Context: We will be having a RIF in mid-December. It’s horrible. I know. This will be 3rd reduction in 18 months. This one is coming with more changes moving forward (possible impact to benefits and perks), restructure, taking office fully remote. Some good and some bad. The sticky part is that some remaining employees will also be getting paid out their 2023 bonus that had been suspended. I foresee from my teams that there is already survivors guilt in a RIF, but one right before the holidays and where you also are getting incentive pay, I feel like folks are going to be even more sensitive. I know I am and I’m a leader.
📣 Anessa Fike, CEO & Founder of Fike+Co and Fractional CPO:
The biggest piece that people want after a RIF is to 1) feel safe that their jobs won’t be next; 2) have space to grieve and also feel their emotions; 3) they have someone that cares about them internally that is warm and caring.
📣 Jessie Fields, Director of Talent Development and DEI at C2FO:
A really helpful framework I’ve used when communicating through tough changes is to:
- Acknowledge realities – help employees feel heard and understood
- Provide context – help give more details and clarity by leaning into the “why”
- Give a reason for hope – help people see and believe in the company’s future
All three of these messages are best received when they live together.
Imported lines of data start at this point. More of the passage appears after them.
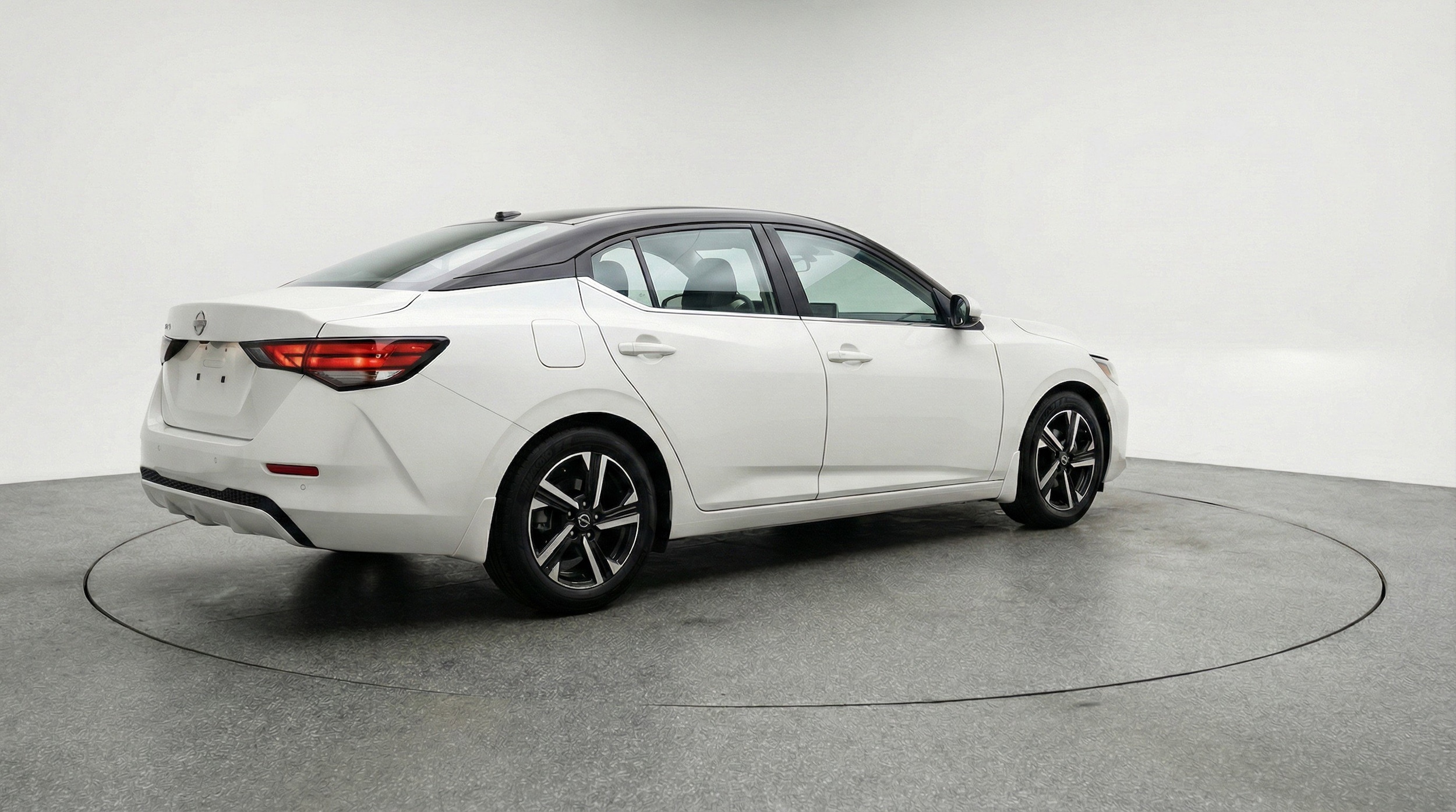 Thumbnail: 2025 Nissan Sentra - 9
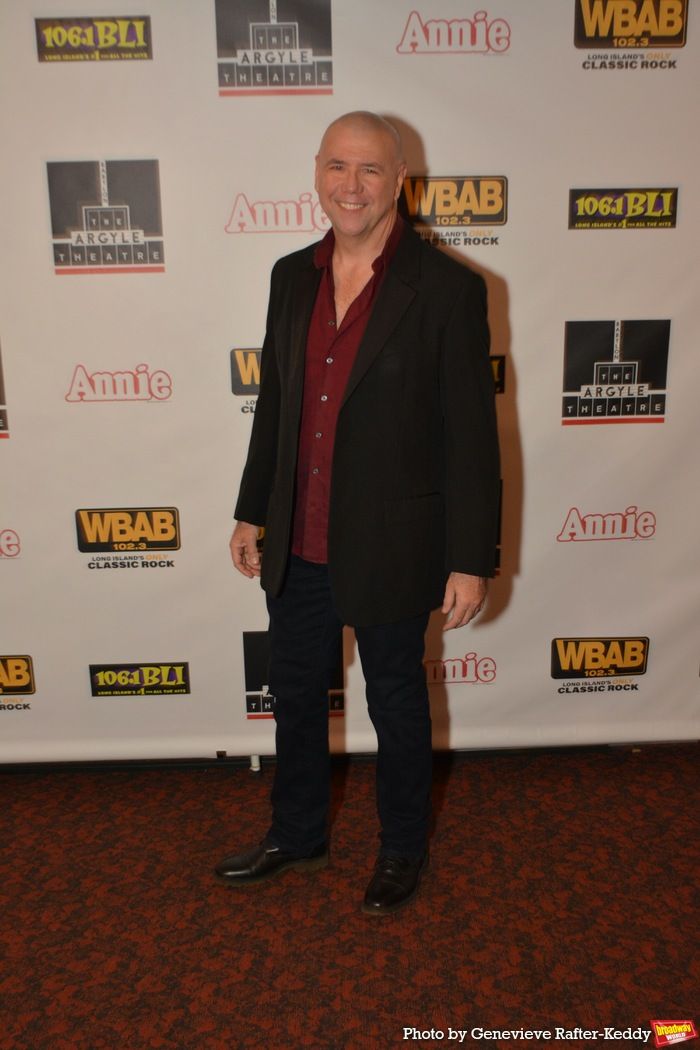 Photos: ANNIE Opens at The Argyle Theatre  Image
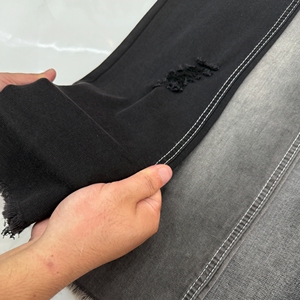 Tissu en jean respirant en mélange de lyocell sergé élastique pour vêtements d'été - Product Image 2
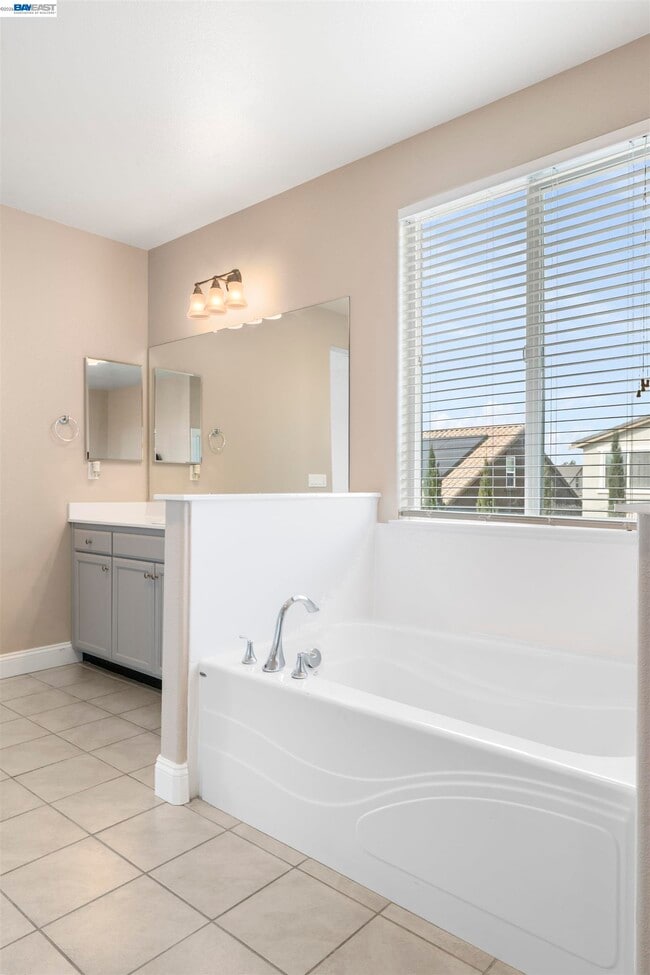 Building Photo - 967 Dainty Ave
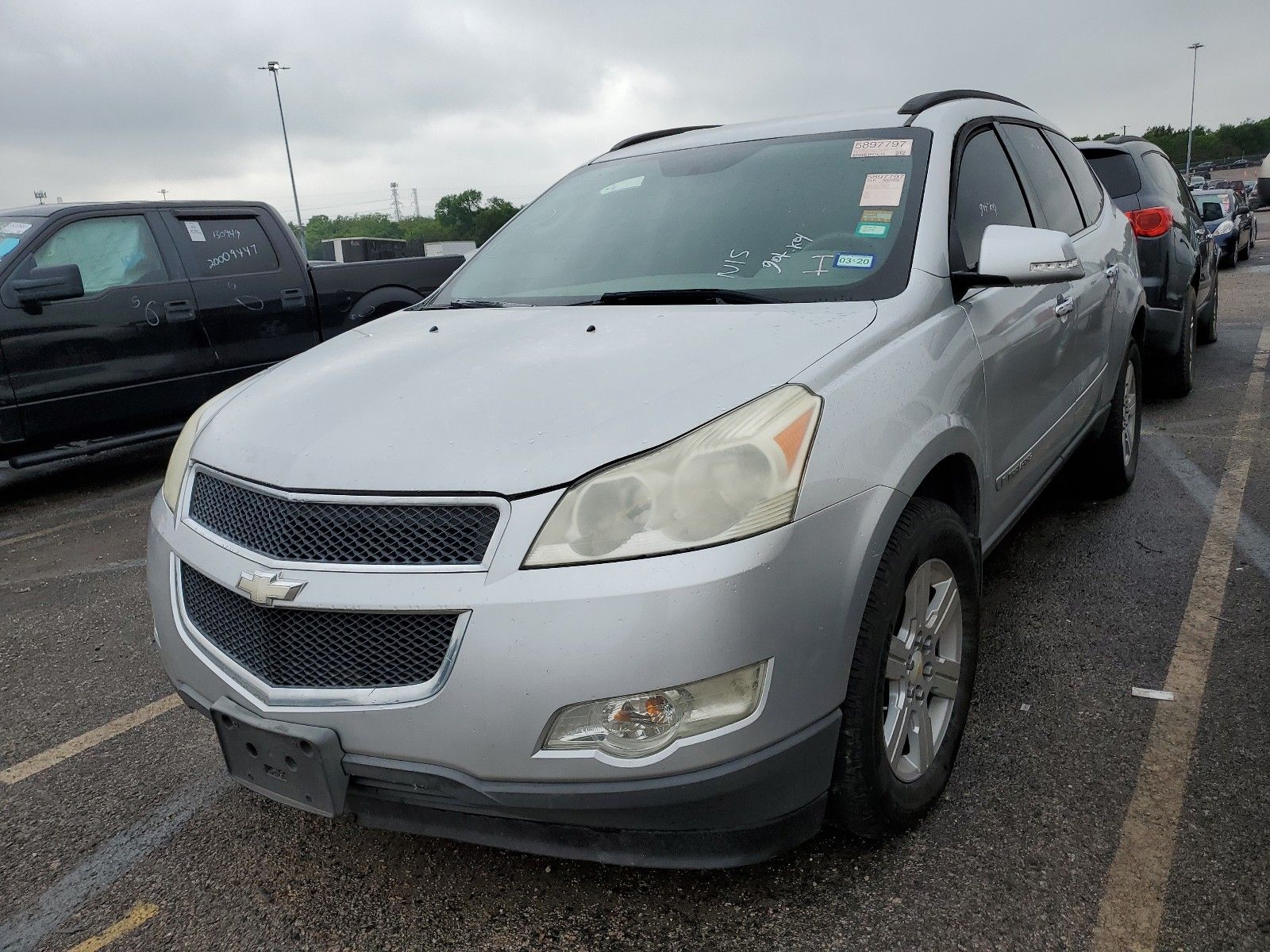 chevrolet traverse fwd 2009 1gner23d39s115030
Without acknowledging realities, employees won’t feel heard and won’t connect to the “why.” Without context, employees won’t feel the future is feasible and trust you can get there. And without hope for the future, employees remain stuck.
Of course none of this will matter if you don’t meet the team’s basic needs first (like all of the things Anessa mentioned above).
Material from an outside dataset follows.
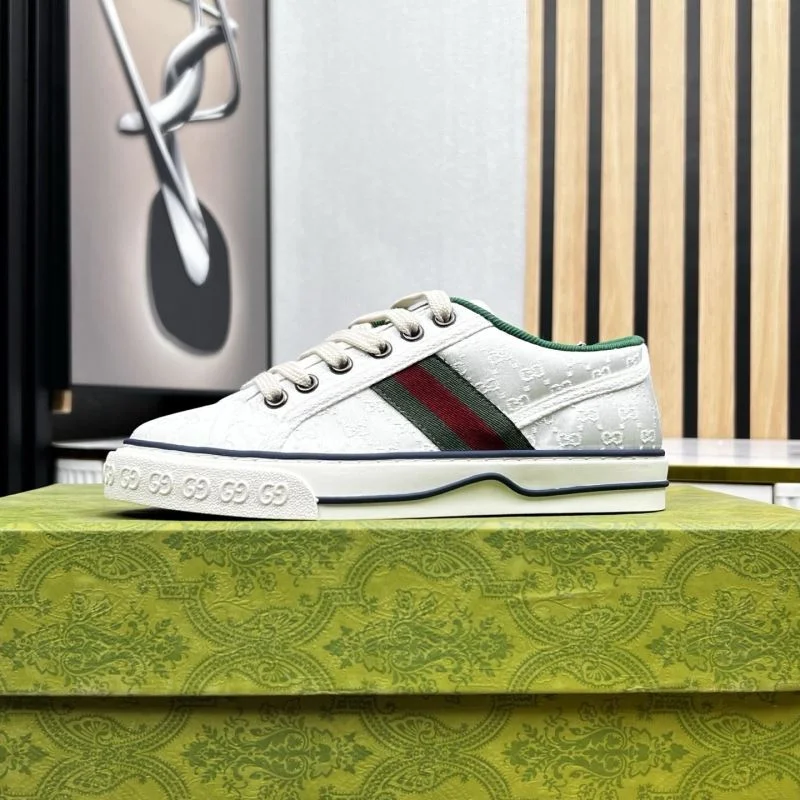 Gucci Tennis SoftTouch 25193
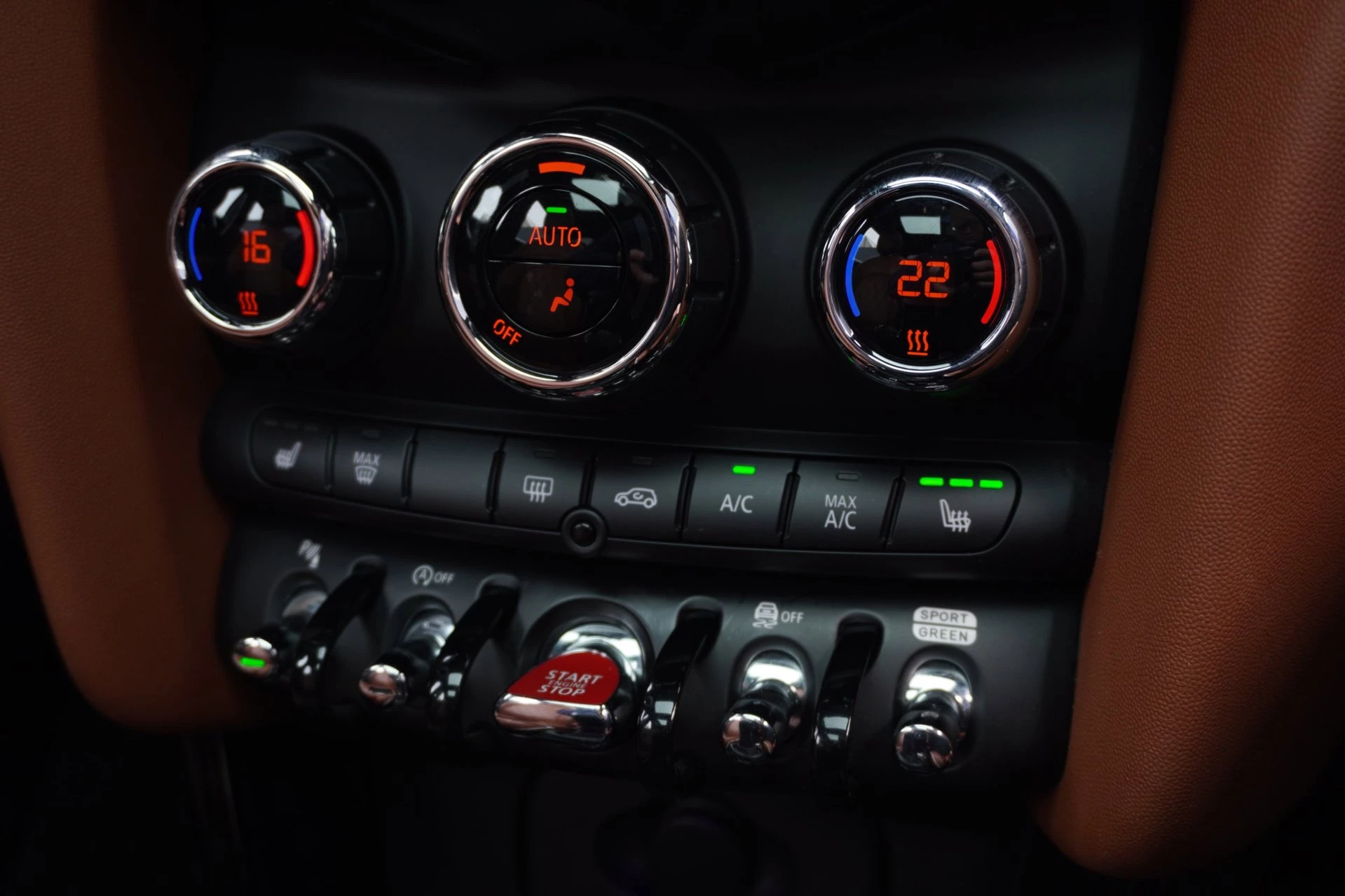 Hoofdafbeelding MINI 5-deurs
There’s never an easy time to navigate a RIF, but pre-holidays is especially tricky. Kudos to you for beginning to think through the impacts now.
📣 Kat Campbell, Founder of HowardHelen:
+1 to Anessa and Jessie. This is very hard- please make sure to give yourself grace and know that survivors’ guilt is very real.
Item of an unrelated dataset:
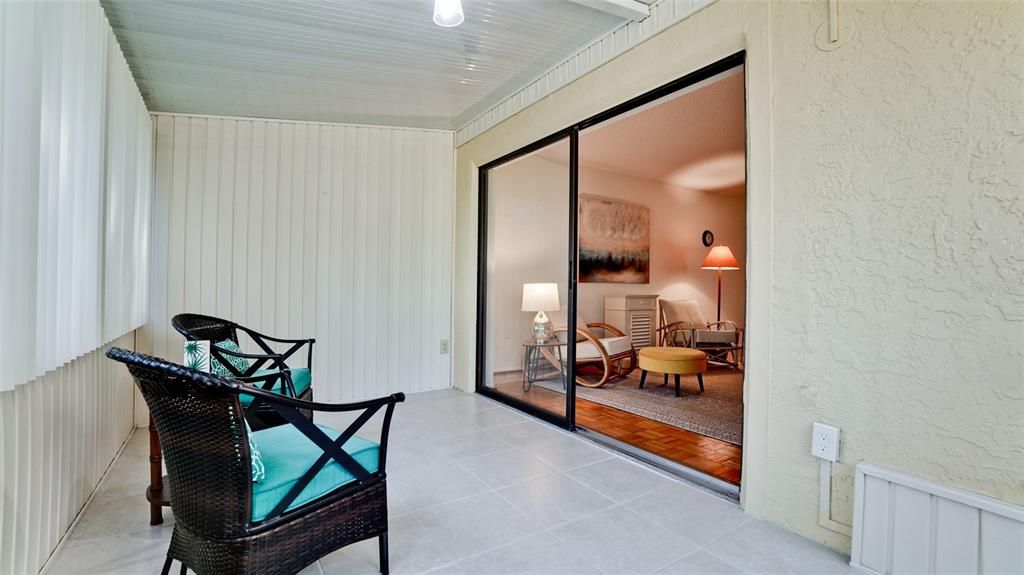 For Sale: $180,000 (1 beds, 1 baths, 812 Square Feet)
If you don’t have an unlimited vacation policy, you can offer additional paid time off above the annual allocation to be used throughout the year. Even a few extra days can help employees get a sense of normalcy after an event like a RIF.
And wherever you can provide transparency, do it. If certain business goals need to be met to make sure no more reductions occur, say that. If no more jobs will be cut, say that.
And finally, encourage current employees to help the terminated colleagues find a new position through networking, LinkedIn, resume reviews, etc. That will help the survivors feel like they are contributing to a more positive future for those impacted.
📣 Cassandra Babilya, Head of EEx Strategy at Amazon:
I’ll add: work with your business leaders to adjust expectations of what these remaining employees can produce/deliver. Expecting a percentage of your former total workforce to carry your previous goals/commitments is a recipe for burnout and further attrition.